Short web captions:
◆ ◆ ◆ ◆ ◆ ◆ ◆

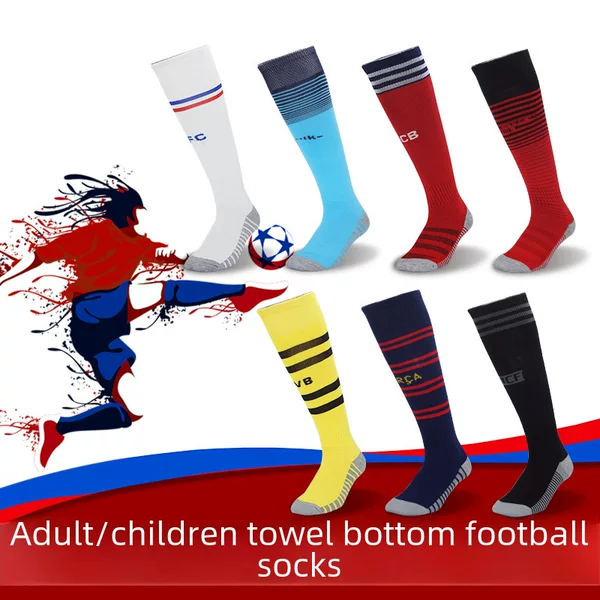 26 World Cup Team Football Socks for Adults and Children, Towel Bottom, Wear-Resistant, Anti-Odor, Long Tube Sports Socks for Women and Men, Wholesale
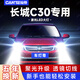 車(chē)燈尊10-18款騰翼長(cháng)城C30改裝LED大燈遠近光一體霧燈激光透鏡汽車(chē)燈泡 10-13款長(cháng)城C30【一體H4】一對裝 96W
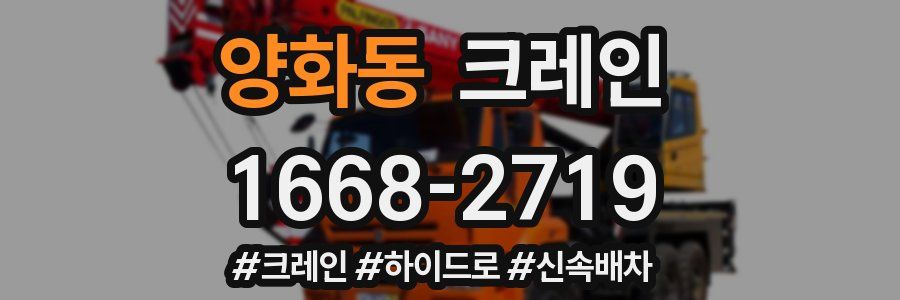 양화동 크레인 작업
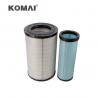 China Doosan DX520LC-9 Air Filter 142-1340 11033997 B222100000641 11Q8-20130 YZ11P00001S002 wholesale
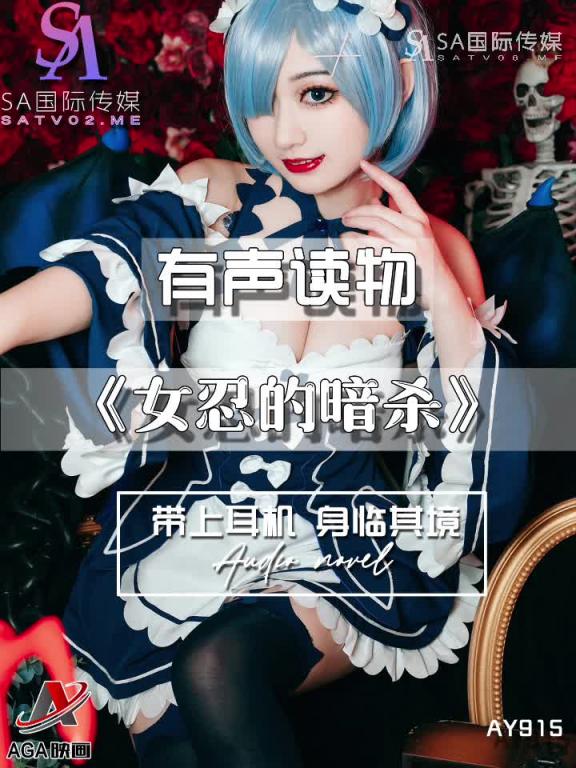 AY915-有声小说-女忍的暗杀 预览截图 3
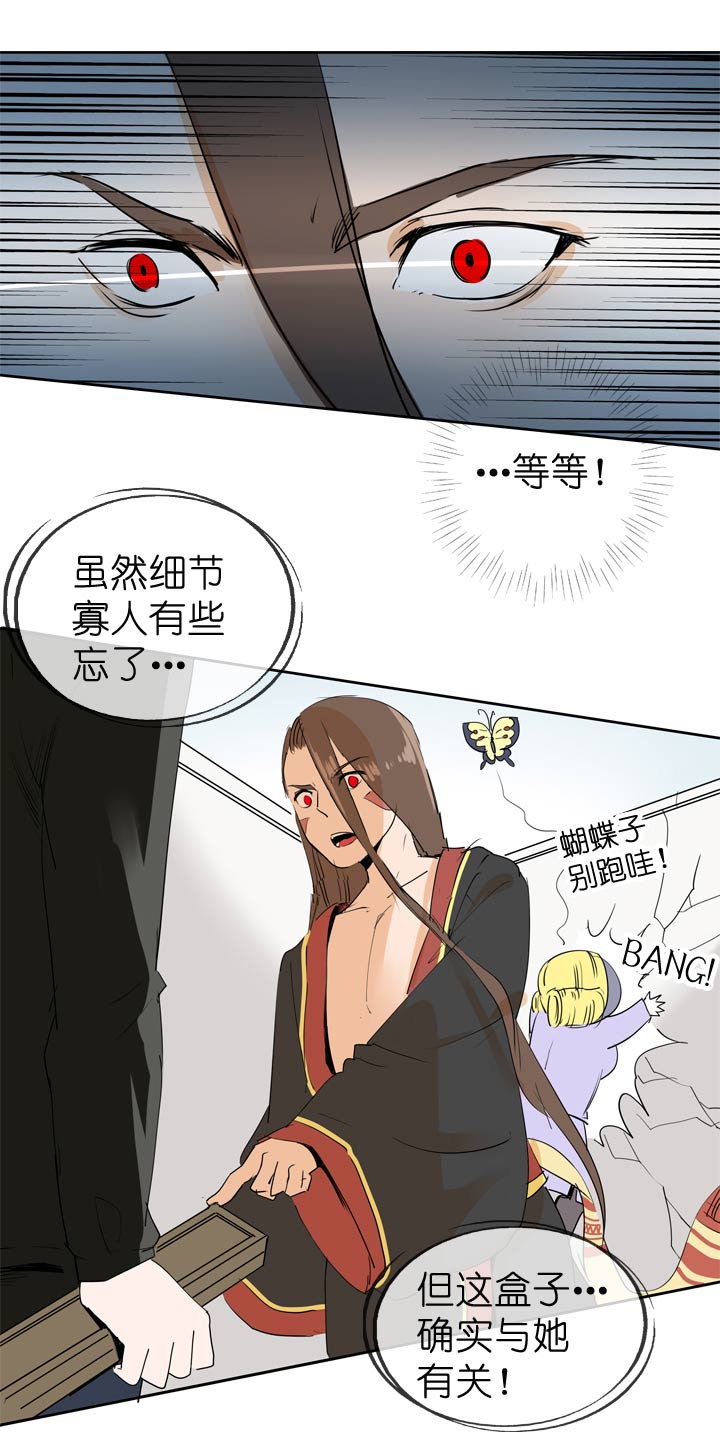 第64话-第65话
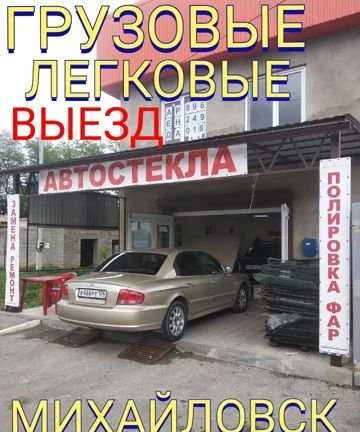 Фото Замена,ремонт автостёкл, выезд полировка фар
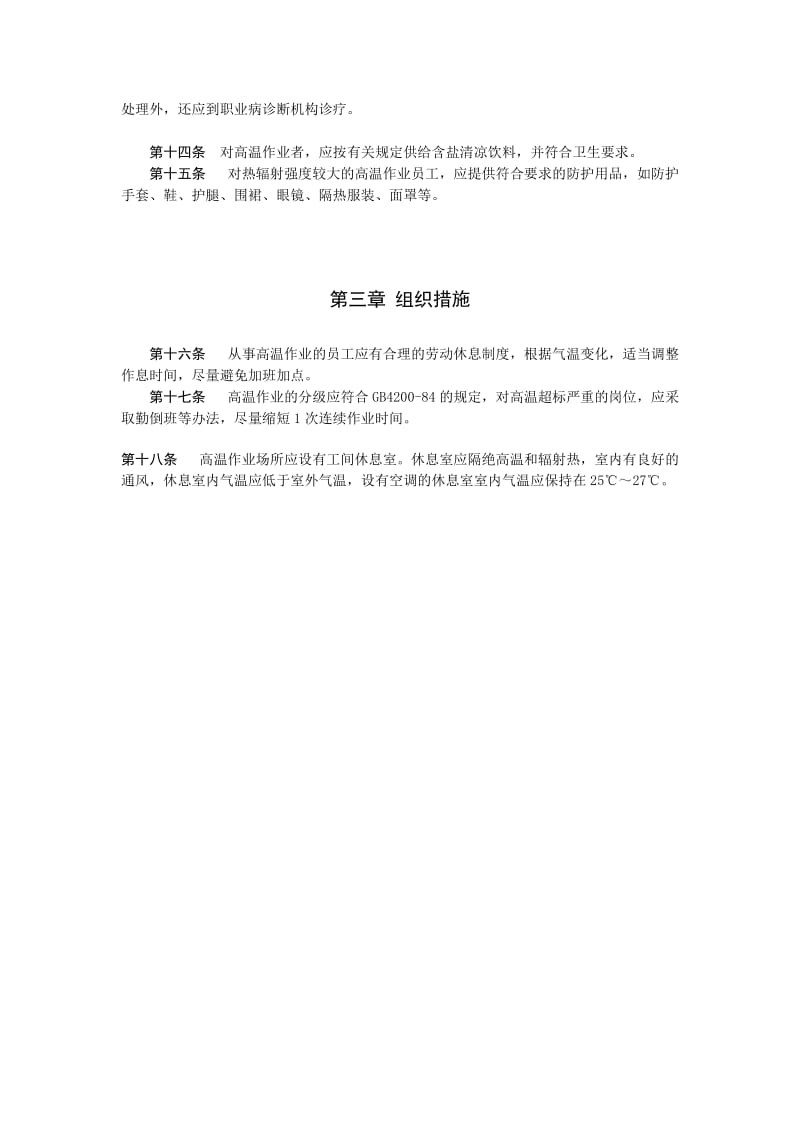 高温作业安全管理规定.doc_第2页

◆ ◆ ◆ ◆ ◆ ◆ ◆

Task objective: Your answer must be the records above, copied exactly, with no pictures.

Reply to the task:
 26 World Cup Team Football Socks for Adults and Children, Towel Bottom, Wear-Resistant, Anti-Odor, Long Tube Sports Socks for Women and Men, Wholesale
 車(chē)燈尊10-18款騰翼長(cháng)城C30改裝LED大燈遠近光一體霧燈激光透鏡汽車(chē)燈泡 10-13款長(cháng)城C30【一體H4】一對裝 96W
 양화동 크레인 작업
 China Doosan DX520LC-9 Air Filter 142-1340 11033997 B222100000641 11Q8-20130 YZ11P00001S002 wholesale
 AY915-有声小说-女忍的暗杀 预览截图 3
 第64话-第65话
 Фото Замена,ремонт автостёкл, выезд полировка фар
 高温作业安全管理规定.doc_第2页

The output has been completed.